Line by line, restate the material word for word, omitting any image.

MATERIAL PROVIDED:
· · ·

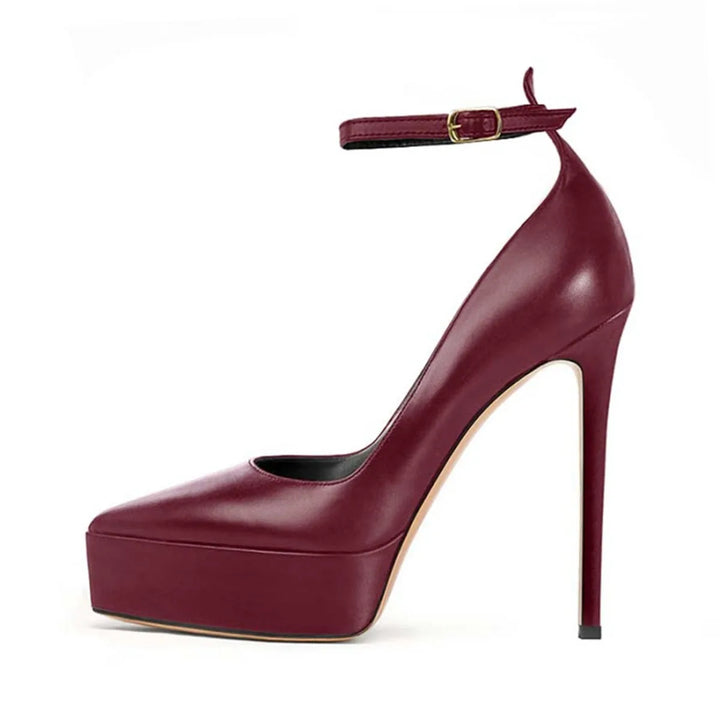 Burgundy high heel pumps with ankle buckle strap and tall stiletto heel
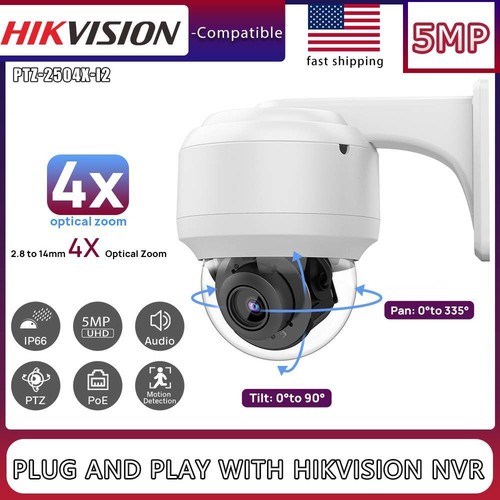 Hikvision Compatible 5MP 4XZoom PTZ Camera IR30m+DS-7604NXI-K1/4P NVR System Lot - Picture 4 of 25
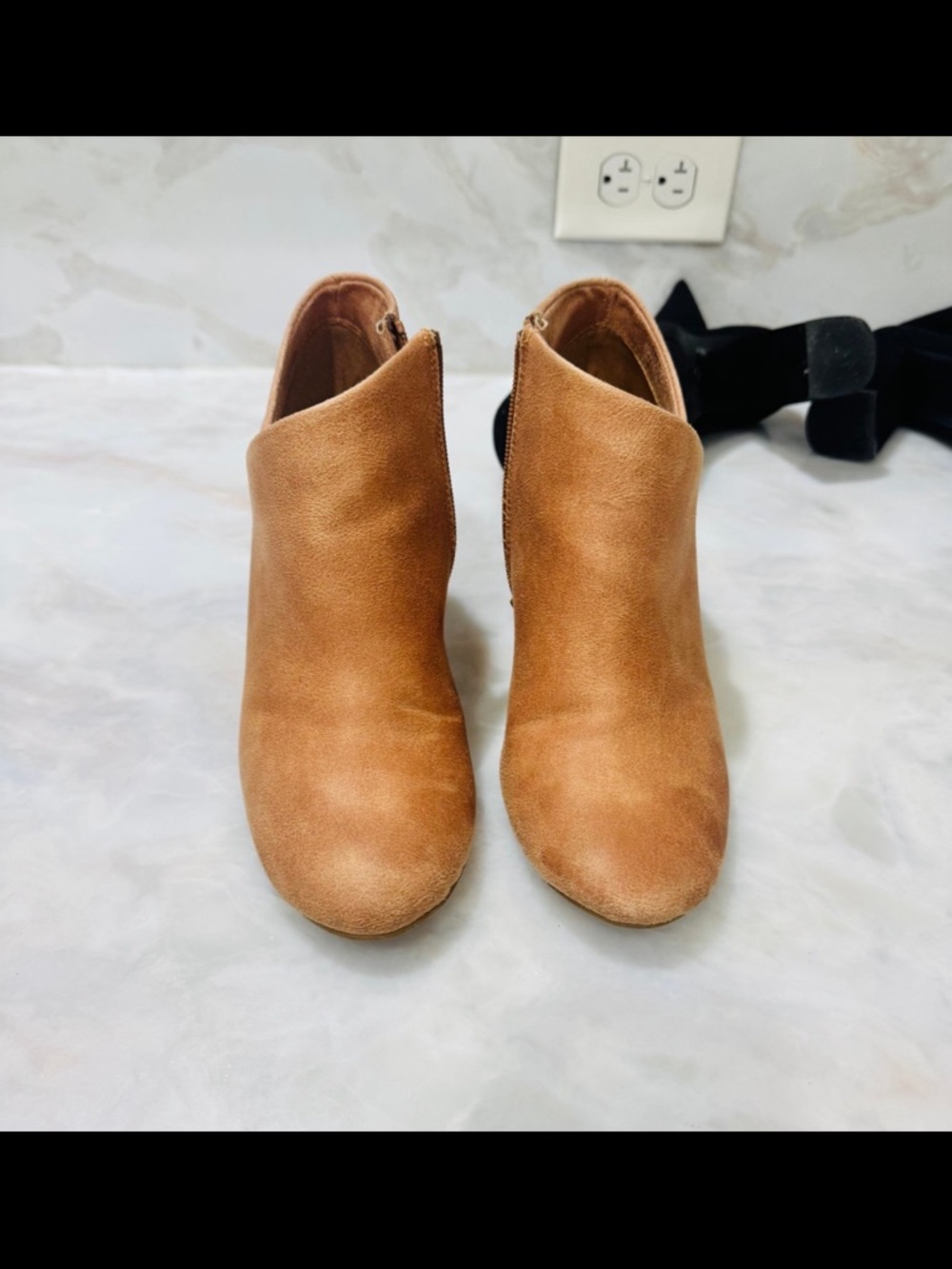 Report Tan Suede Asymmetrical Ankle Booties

· · ·

SOLUTION TO THE EXERCISE:
 Burgundy high heel pumps with ankle buckle strap and tall stiletto heel
 Hikvision Compatible 5MP 4XZoom PTZ Camera IR30m+DS-7604NXI-K1/4P NVR System Lot - Picture 4 of 25
 Report Tan Suede Asymmetrical Ankle Booties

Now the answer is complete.